Quasi-Relativistic Calculation of EPR g-Tensors with Derivatives of the Decoupling Transformation, Gauge-Including Atomic Orbitals, and Magnetic Balance

We present an exact two-component (X2C) ansatz for the EPR g-tensor using gauge-including atomic orbitals (GIAOs) and a magnetically balanced basis set expansion. In contrast to previous X2C and "fully" relativistic ansätze for the g-tensor, this implementation results in a gauge-origin invariant formalism. Furthermore, the derivatives of the relativistic decoupling matrix are considered to form the complete analytical derivative of the X2C Hamiltonian. To reduce the associated computational costs, we apply the diagonal local approximation to the unitary decoupling transformation (DLU) and the (multipole-accelerated) resolution of the identity approximation. The X2C ansatz is compared to Douglas-Kroll-Hess theory and the zeroth-order regular approximation for 11 diatomic molecules. The impact of the relativistic Hamiltonian, the basis set, and the density functional approximation is subsequently assessed for a set of 17 transition-metal complexes to complement our previous work on the hyperfine coupling constant [DOI: 10.33774/chemrxiv-2021-wnz1v-v2]. In total, 24 basis sets and 22 density functional approximations are considered. The quasi-relativistic X2C and DLU-X2C Hamiltonians accurately reproduce the results of the parent "fully" relativistic four-component theory when accounting for two-electron picture-change effects with the modified screened nuclear spin-orbit approximation in the respective one-electron integrals and integral derivatives. Generally, the uncontracted Dyall and segmented-contracted Karlsruhe x2c-type basis sets perform well when compared to large even-tempered basis sets.
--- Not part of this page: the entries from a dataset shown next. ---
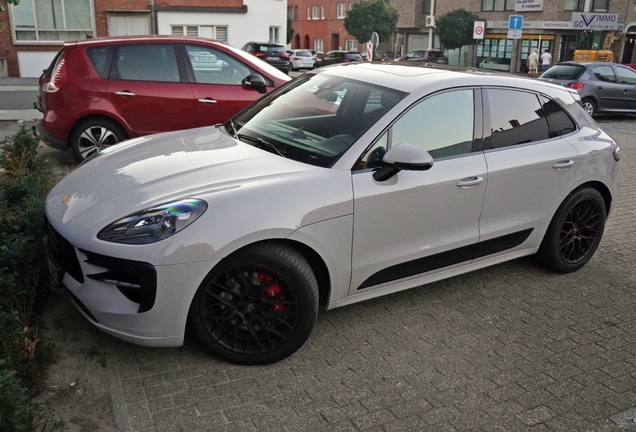 Porsche 95B Macan GTS MkII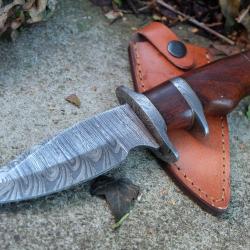 Poignard De Chasse Sub-Hilt Fighter Lame Acier Damas 256 Couches Manche Bois Etui Cuir F Artisanale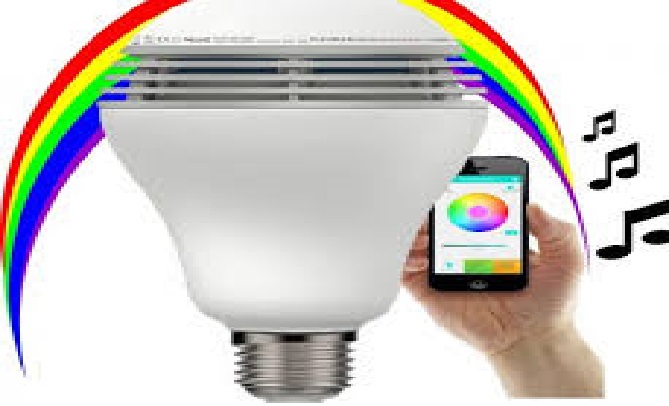 SALESMAN AT COMEX SAYS THAT SMART LIGHT BULB WILL MAKE ME SMARTER!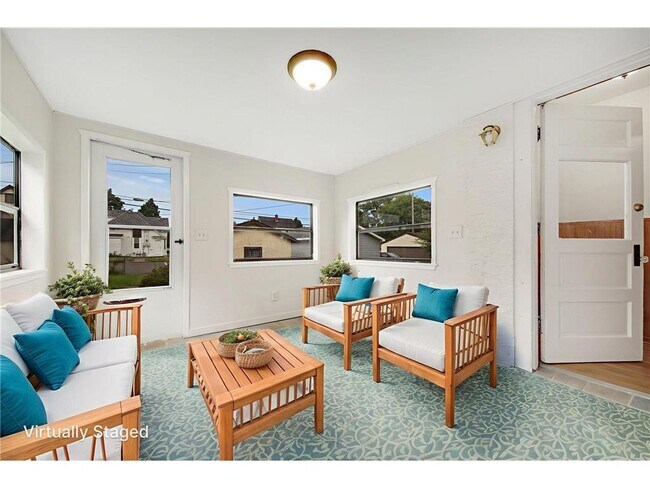 Building Photo - 804 Hawthorne Ave E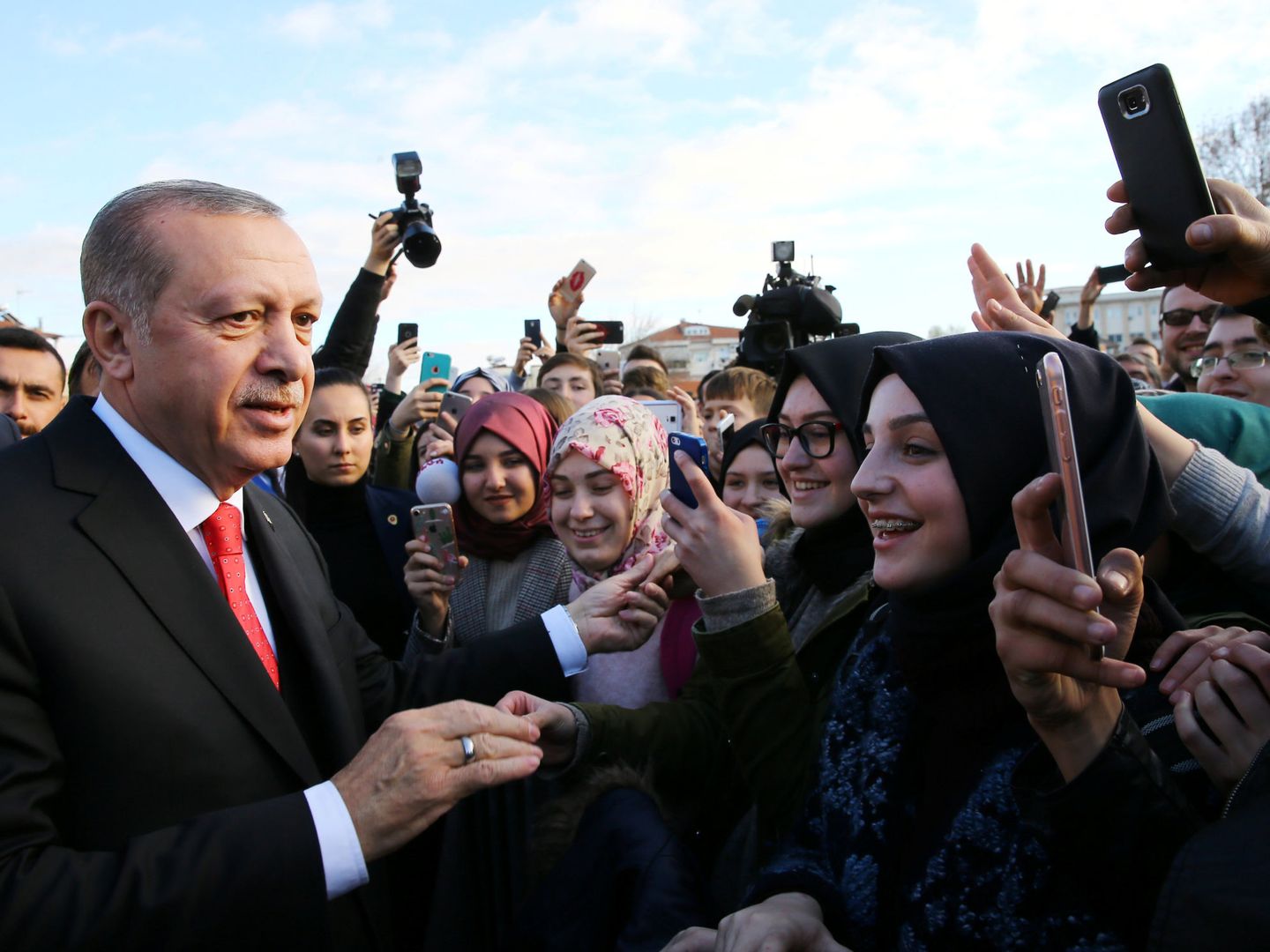 El presidente turco Recep Tayyip Erdogan se reúne con miembros de la comunidad musulmana de Grecia en Komotini, el 8 de diciembre de 2017. (Reuters)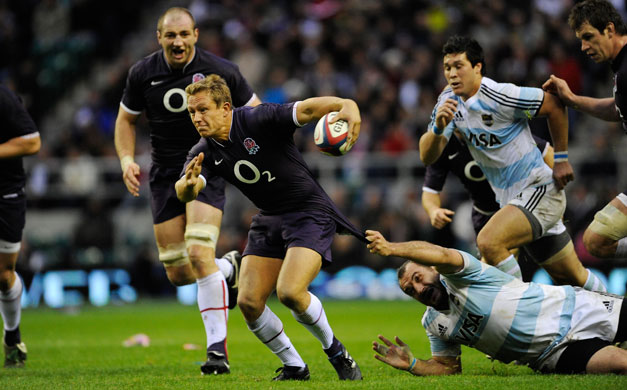 England v Argentina: Jonny Wilkinson escapes a tackle from Rodrigo Roncero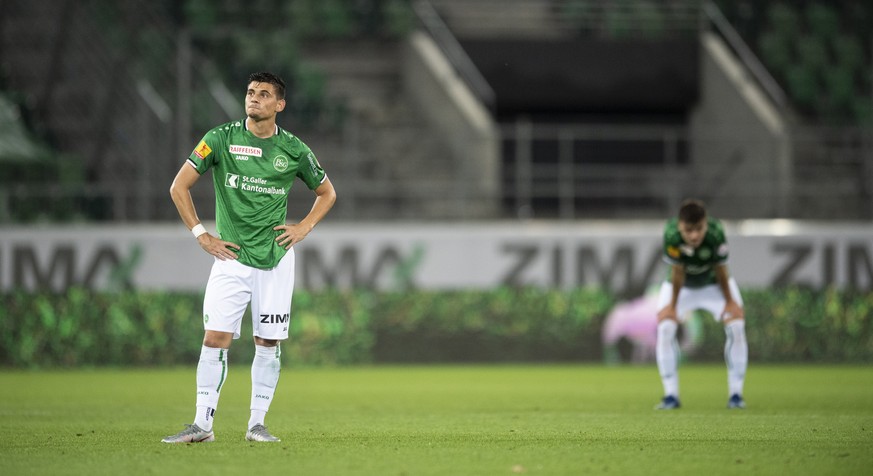 Enttaeuscht stehen die St. Galler im Fussball Meisterschaftsspiel der Super League zwischen dem FC St. Gallen und dem FC Basel, am Mittwoch, 22. Juli 2020, im Kybunpark in St. Gallen. (KEYSTONE/Ennio  ...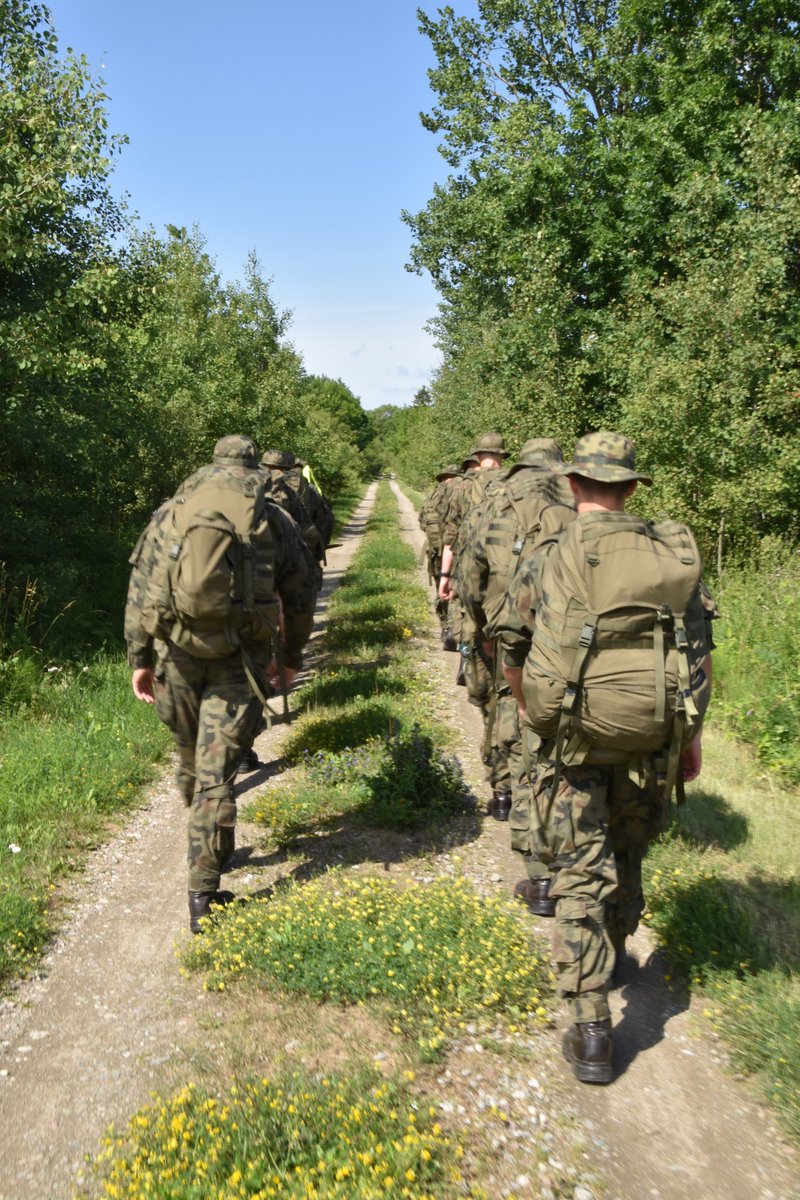 9pulkrozp's tweet image. Zwiadowcy #9pr potrafią jednego dnia przebyć ponad 4⃣0⃣km piechotą - dystans większy niż pokonał legendarny Filippides, pierwszy „maratończyk”‼️Żołnierze #DZSW, gdy zostaną zawodowymi żołnierzami #9pr także będą musieli mierzyć się z takim wysiłkiem, więc już szlifują formę.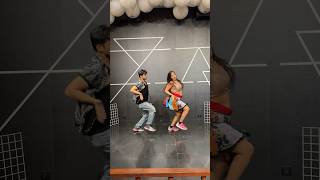 Aa re pritam pyare dance Vicky and Aakanksha aarepritampyare easydancesteps [upl. by Nnaillek]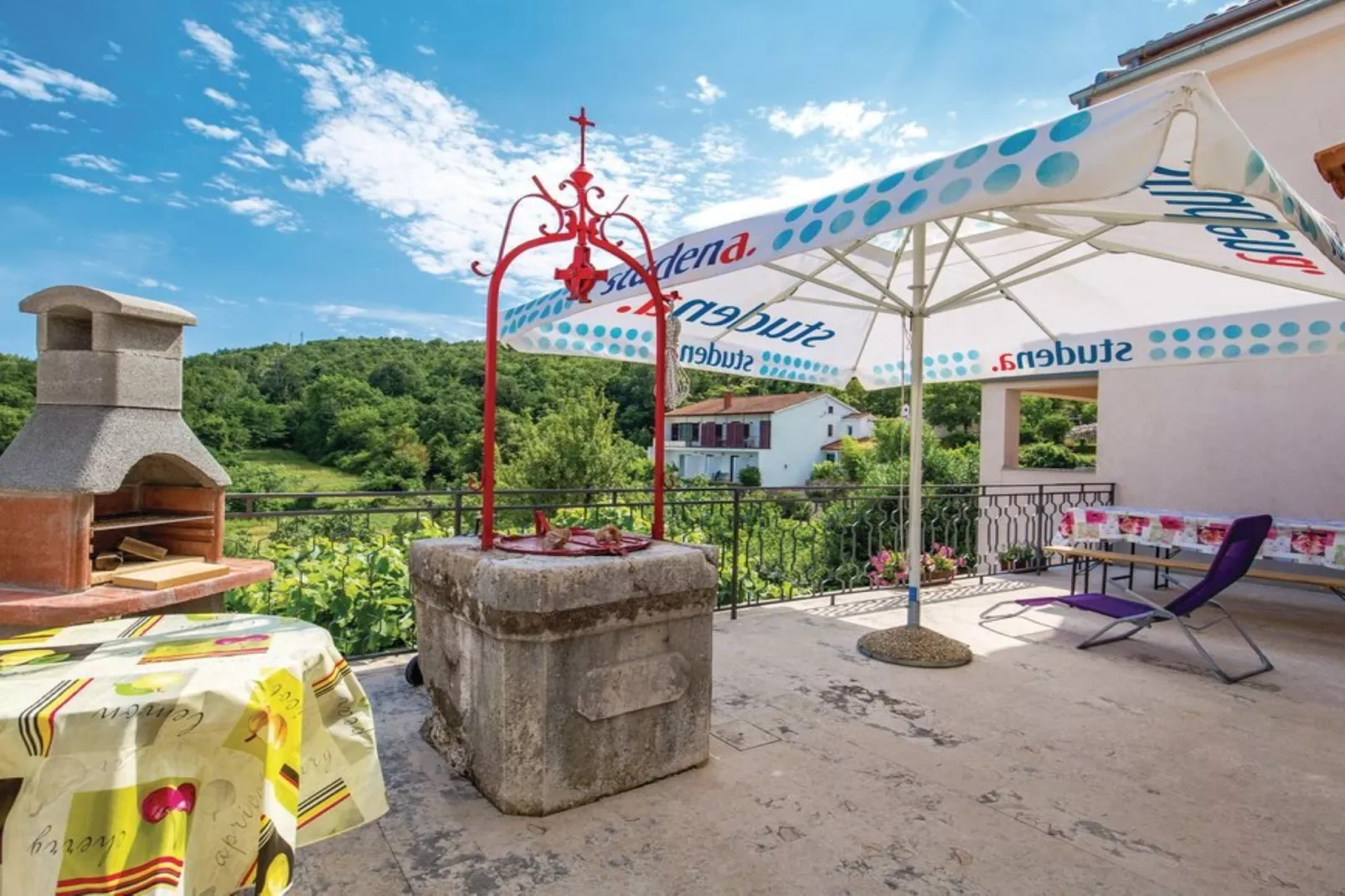 Scenic Seafront Brsec Apartment - Three Bedroom Apartment  with Terrace - Faciliteiten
Moreover, (range-separated) hybrid density functional approximations are needed to match the experimental findings. Here, hybrids based on the meta -generalized gradient approximation are not an a priori improvement. Compared to the other computational parameters, the impact of the GIAOs and the magnetic balance on the actual results in standard calculations is less pronounced. Routine calculations of large molecules are possible with widely available and comparably low- cost hardware as demonstrated for [Pt(C6Cl5)4]− with 3360 basis functions and three spin-(1/2) La(II) and Lu(II) compounds. Both approaches based on a common gauge origin and GIAOs using triple- ζ basis sets lead to a good agreement with the experimental findings. The best agreement is found with hybrid functionals such as PBE0 and ωB97X-D.